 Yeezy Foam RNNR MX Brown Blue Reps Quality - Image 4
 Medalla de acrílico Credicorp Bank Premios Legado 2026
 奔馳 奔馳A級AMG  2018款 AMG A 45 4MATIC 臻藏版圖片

──────

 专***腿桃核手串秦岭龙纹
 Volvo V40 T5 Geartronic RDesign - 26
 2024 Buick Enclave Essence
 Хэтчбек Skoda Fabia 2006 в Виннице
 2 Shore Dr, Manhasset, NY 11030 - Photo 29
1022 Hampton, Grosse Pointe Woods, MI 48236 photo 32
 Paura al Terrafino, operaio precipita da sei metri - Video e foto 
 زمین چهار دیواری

──────

Task item – Look above for the line holding "Paura al Terrafino, operaio" and the line holding "زمین چهار دیواری", then output exactly those two lines and every line between them, nothing more.

Response area –
 Paura al Terrafino, operaio precipita da sei metri - Video e foto 
 زمین چهار دیواری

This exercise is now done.